The sudden arrest of the birds' flight--the flash of the gun--the volume of smoke--caught the eye as it closed at the explosion; with some of us it might have been for ever! Twas the affair of but a second. Death came to our sides, as it were, and departed ere the report of the gun had ceased to roll over the waters of the reach. Something whizzed past my ear, deafening and stupefying me for a moment--the next I saw my much-valued friend Gore stretched at his length in the bottom of the boat, and I perceived at a glance the danger we had incurred and providentially escaped.

ACCIDENT TO LIEUTENANT GORE.

His fowling piece had burst in his hand, and flown away in fragments, leaving only a small portion of the barrel at my feet. How it happened that the coxswain and myself were unhurt seemed a miracle. I was on the right of Mr. Gore, in the stern-sheets of the yawl, and the coxswain was a little on the left, and over him, steering. Our preservation can only be attributed to Him whose eye is on all his creatures and who disposes of our lives as it seemeth good in his sight. Without intending to be presumptuous, we may be permitted to believe that we were spared partly on account of the service in which we were engaged--so beneficial to humanity, so calculated to promote the spread of civilization, which must ever be the harbinger of Christianity. At any rate it is not, in my humble opinion, any impeachment of the wisdom of the Almighty, to imagine that he determines the fortunes of men according to the work in which they are engaged.
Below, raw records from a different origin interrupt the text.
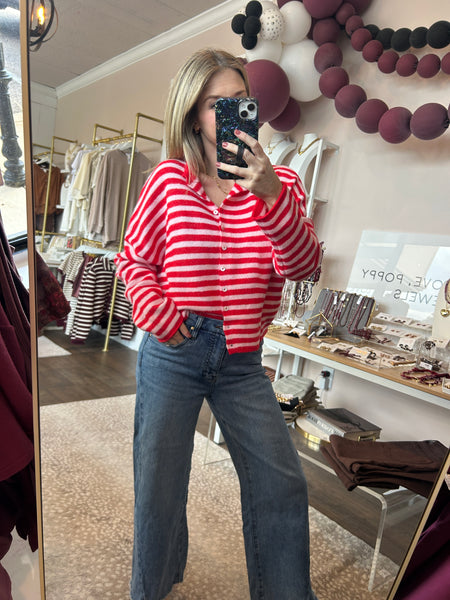 Piper Cardigan - Baby Pink and Red Stripe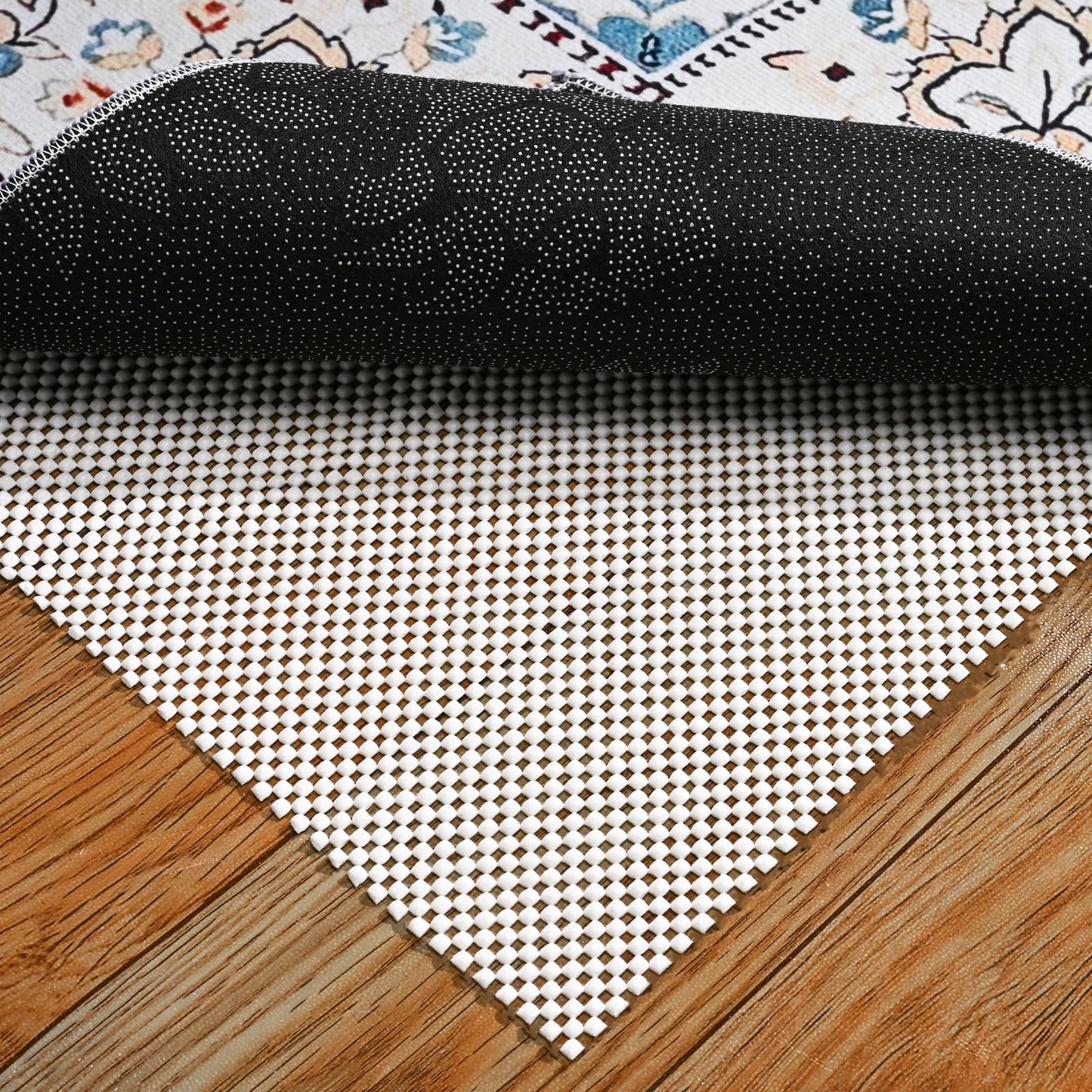 Non Slip Rug Pad Gripper 8X10 FT for Hardwood Floors, Eco-Friendly Anti Skid Mat Under Area Rugs, Keeps Rugs Safe and Flat, Odorless Cushioned Pad for Floor Protection, Easy to Trim Multi-Use Mat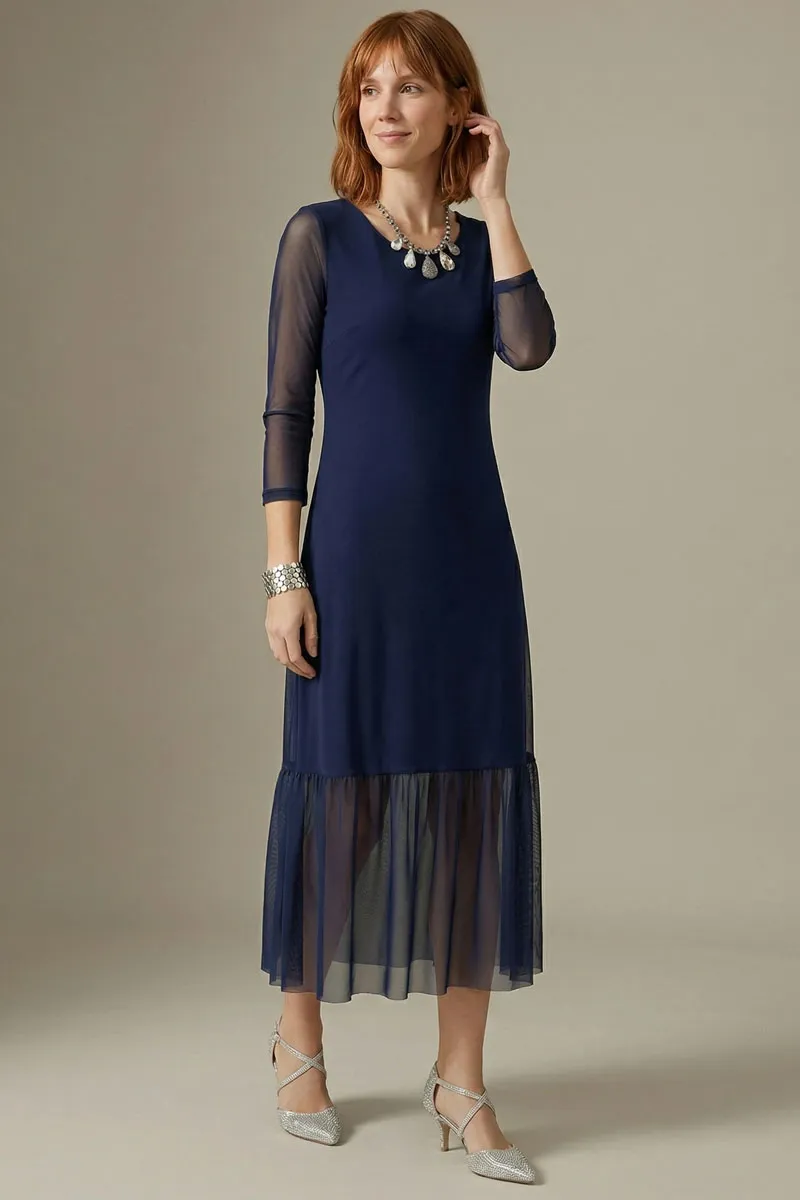 Vestido manga 3/4 e decote redondo /493AZ1 - Imagem 4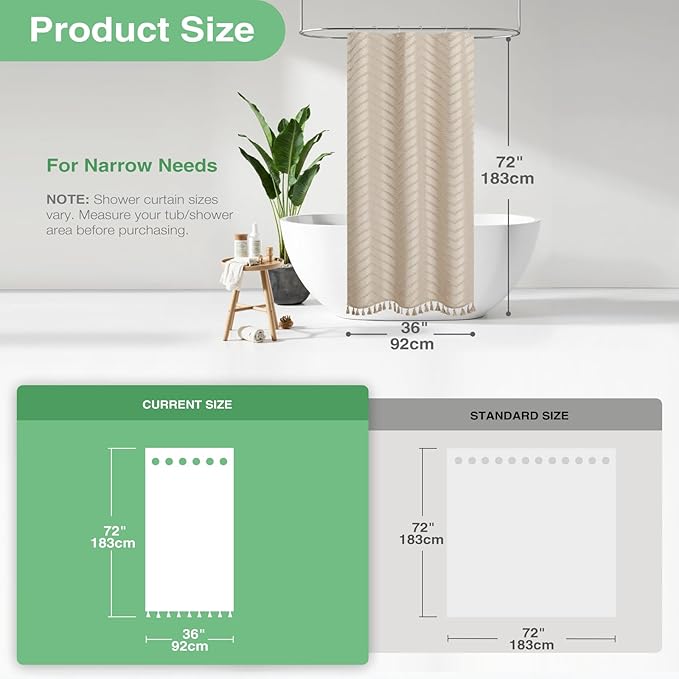 Dynamene Stall Fabric Shower Curtain, 36x72 inch Half Boho Tufted Chevron Striped Small Cloth Shower Curtains for Bathroom, Narrow Thick Waterproof Polyester Shower Curtain Set with 6 Hooks, Beige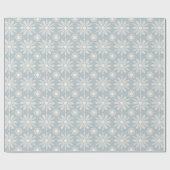 Papier Cadeau Noël Crème Rustique et Flocon de Neige Bleu (Plat)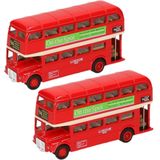 2x Stuks Modelauto London Bussen Rood 12 cm - Speelgoed Auto Bussen Schaalmodel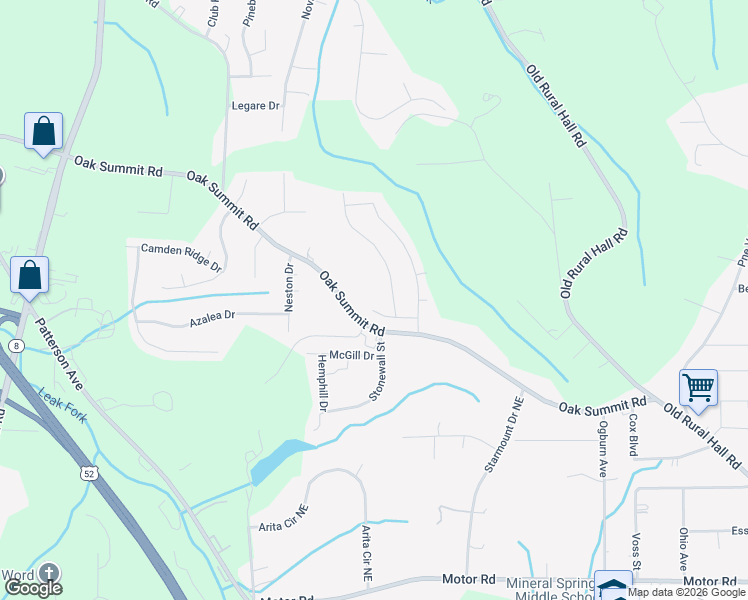 map of restaurants, bars, coffee shops, grocery stores, and more near 520 Oak Summit Road in Winston-Salem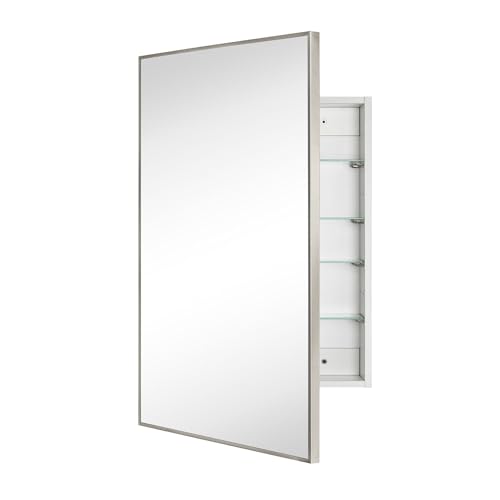 Image of TEHOME 24'' x 30'' Brushed Nickel Recessed and Surface Mount Bathroom Nickel Medicine Cabinet with Mirror Square Cornered Metal Framed Rounded Rectangle Medicine Cabinet Mirror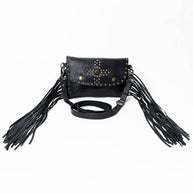 Spaghetti Western Leather & Fringe Envelope Purse, Black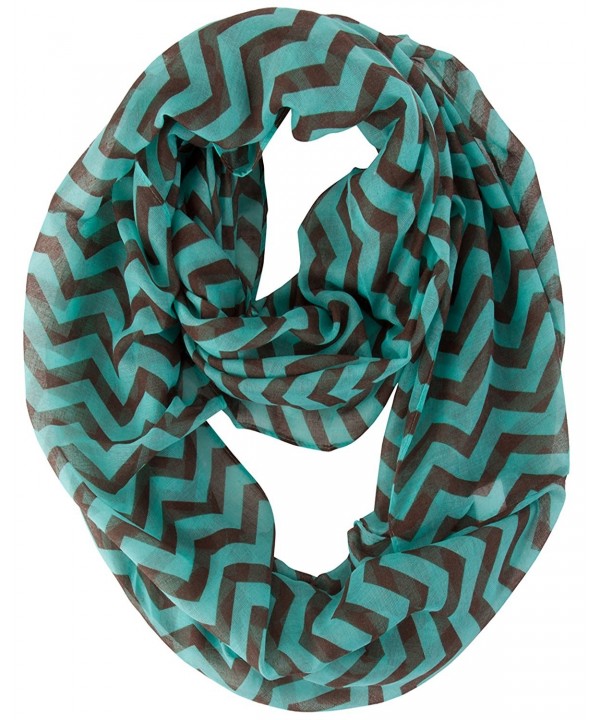 Chevron Infinity Loop Scarf - Mint/Brown - CS11IOH7FBZ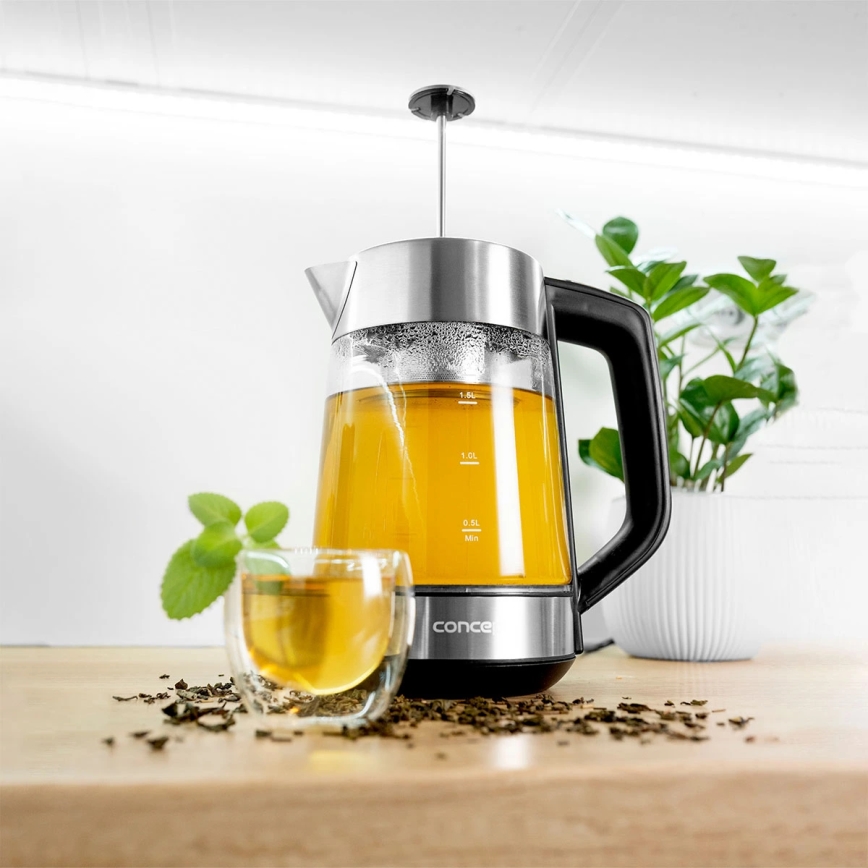 Concept RK4190 - Bouilloire électrique avec réglage de la température et filtre, 1,7 l, 2200 W/230 V, inox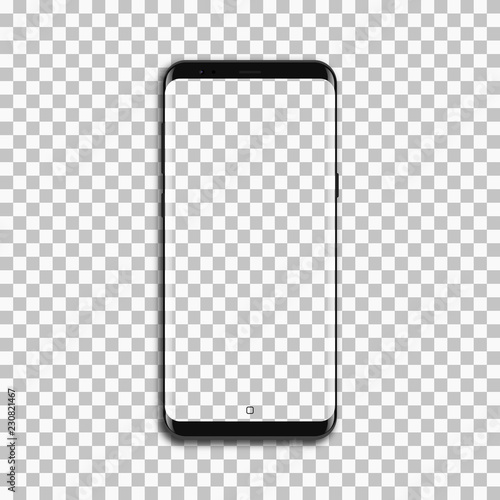 Black phone mock up with blank screen on transparent background. photo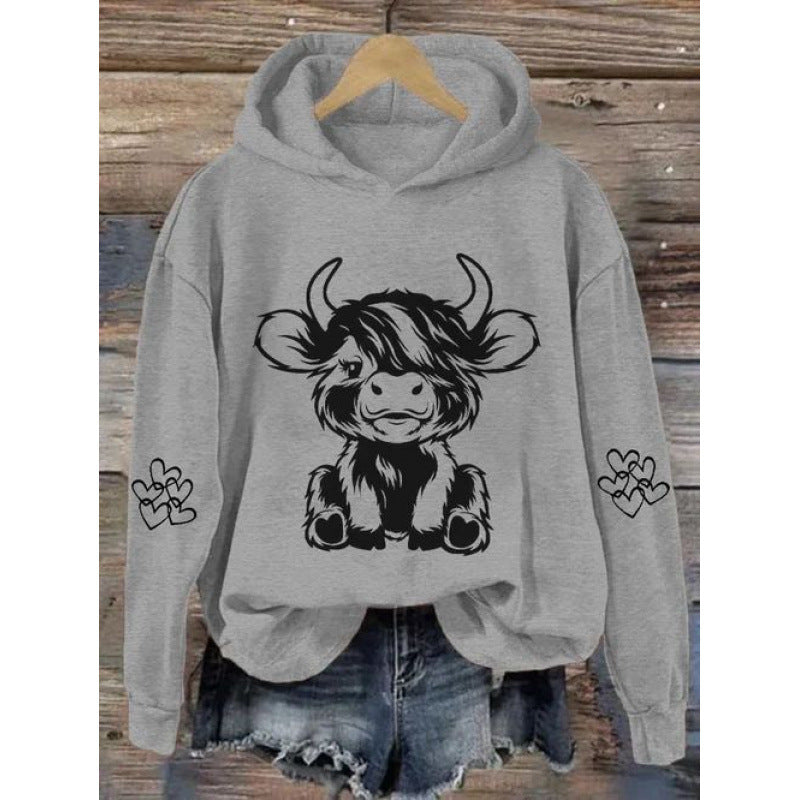 Damen Kapuzensweater Kuhmotiv Baumwolle Kängurutaschen Beige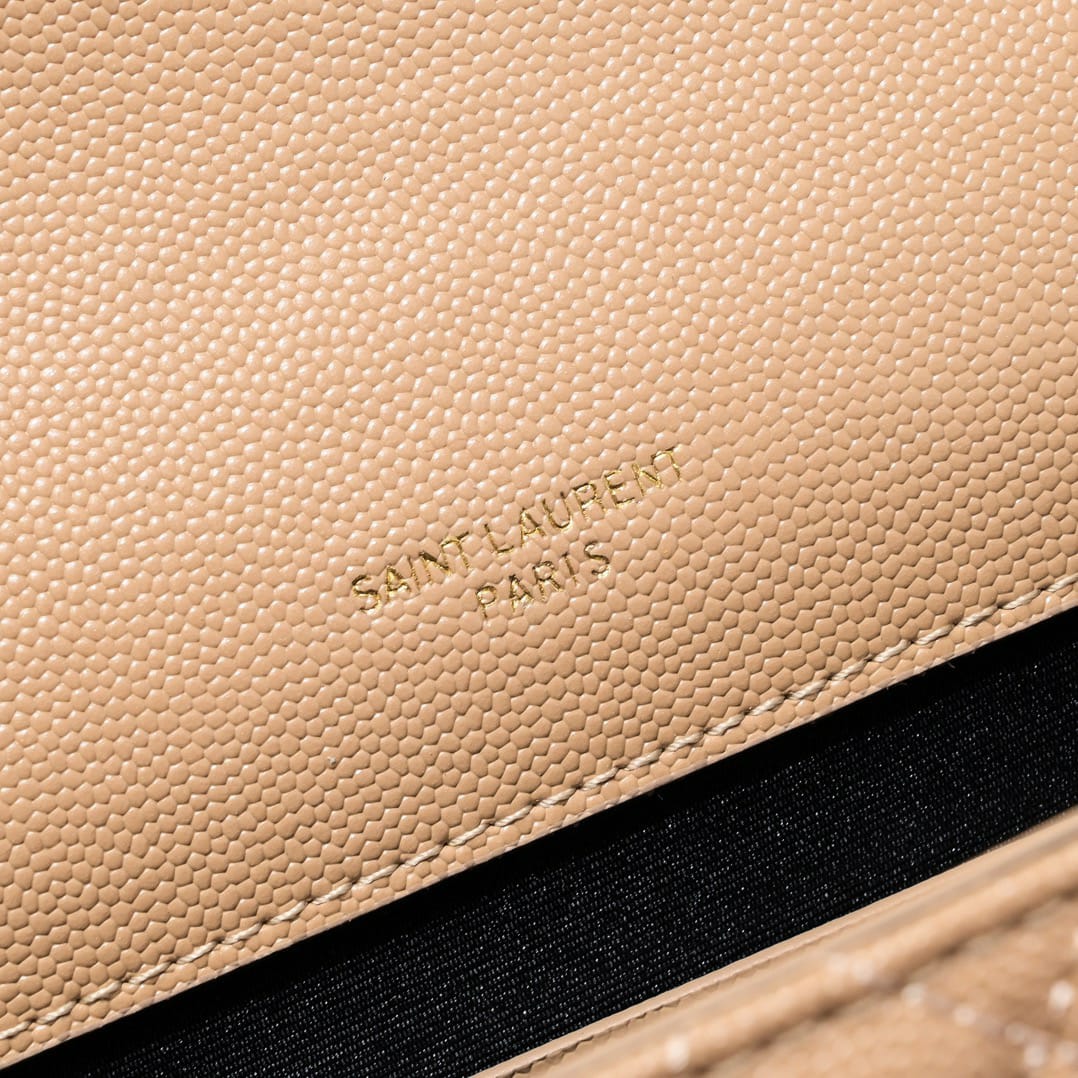 Saint Laurent Envelope Matelassé Grain De Poudre Dark Beige 24Cm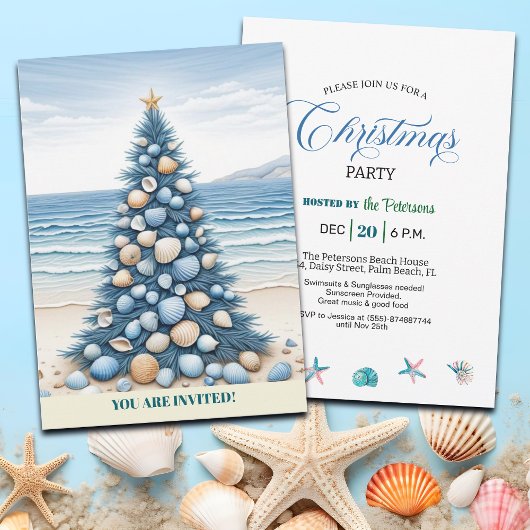 Kerstboom Strand Kerstfeest Kaart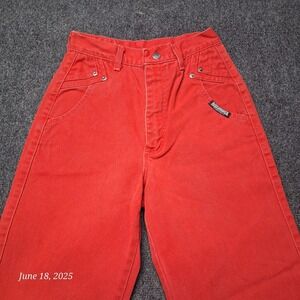 VTG Roughrider by Circle T High Rise Rodeo Jeans Red Sz 3 /4 24 Waist 36 Inseam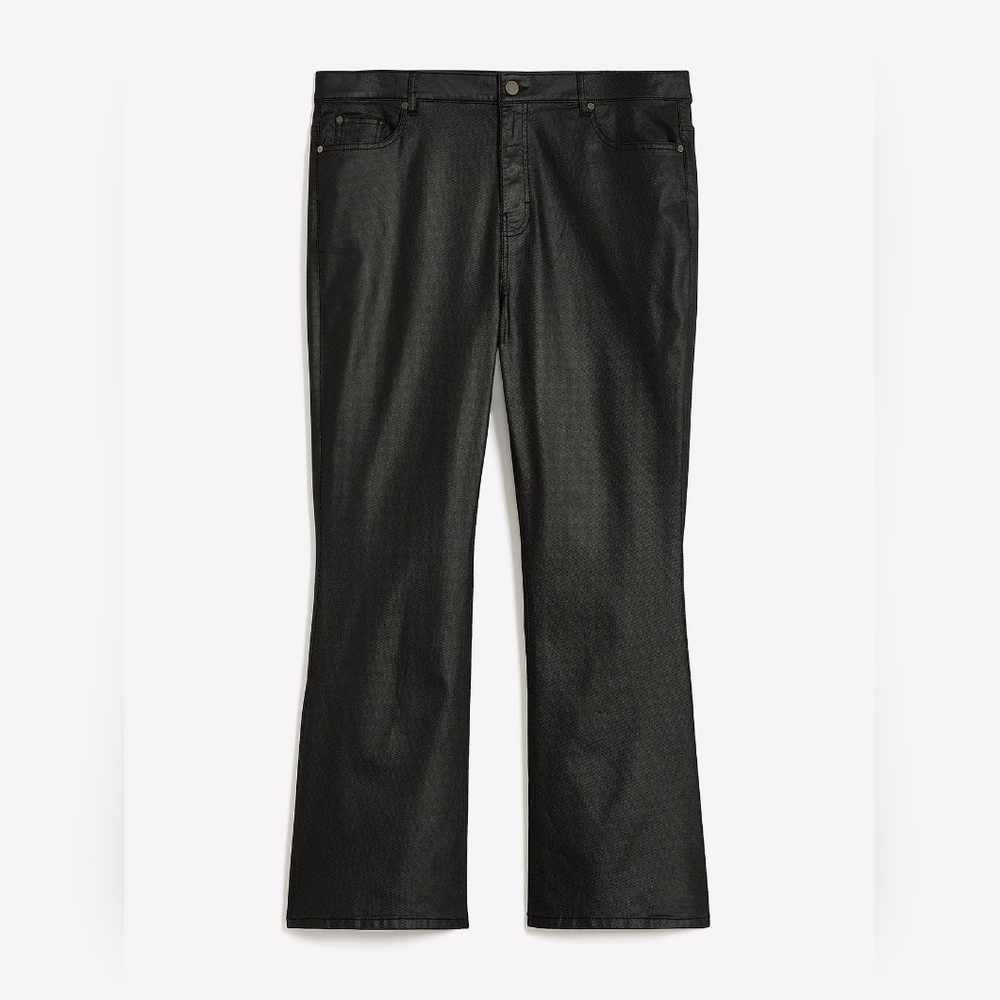 NWT Curvy-Fit Black Coated High-rise Flared Leg Jeans Plus Size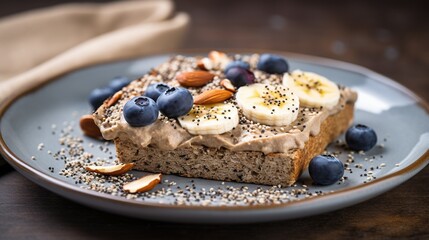  a piece of cake with bananas, blueberries, almonds and chia seeds.  generative ai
Mr. Gore's hand was dreadfully lacerated; but no bones were broken; and on recovering from his swoon, the first words he uttered were: "Killed the bird!"--an expression truly characteristic of a sportsman, and evincing how exactly the mind, when its perception has been momentarily suspended, reverts, on recovering, to the idea last present to it.

My first impulse was to return to the ship; but at the earnest request of Mr. Gore, who felt somewhat revived after I washed his hand in brandy and tied it up, we continued; but the utter silence and grave demeanour of all showed that each was occupied with thoughts of the danger some of us had escaped of being ushered unprepared into the presence of our Maker. A rustling in the bushes on the bank, as we wound round an island of some size at the extremity of this nearly fatal reach, broke the reverie in which we were indulging. Fancying it was a kangaroo, I fired at the spot, when a half-grown wild dog came rolling down into the water. It was of a dark brown colour, with large patches of white, differing from any of the kind I had ever seen before.

Above this island we pursued a general West-South-West direction; but to our great mortification there was water for the yawl only four miles further. In the gig I was able to ascend nearly two miles higher in a South-West by South direction. Our position was then nine miles South-West 1/2 West from the mouth in a direct line; but thrice that distance by the meandering course of the inlet through this vast level. The width had decreased from three hundred yards at the entrance to scarcely one hundred, and the depth from two fathoms to a quarter. The banks were, at intervals fringed with mangroves, the country behind being very open plains, with patches of dwarf gums scattered here and there.

DUCKS, PIGEONS, ETC.

The brown whistling wood-ducks were in great abundance at the yawl's furthest; and in three shots I bagged twenty. The native companions were also numerous, of two kinds, one with black on the back, and the other, which kept more on the plain, of a blue or slate colour. Pigeons, too, were abundant; and the rare large brown rail was frequently observed at low-water, running along the edge of the mangroves, too wary, however, as before, to be shot. There were few alligators seen; and the only fish caught was the catfish, common in the Adelaide and Victoria Rivers. Where the yawl lay the bank was clear, forming cliffs ten feet high, in which no stone or rock was found; neither had we seen any before.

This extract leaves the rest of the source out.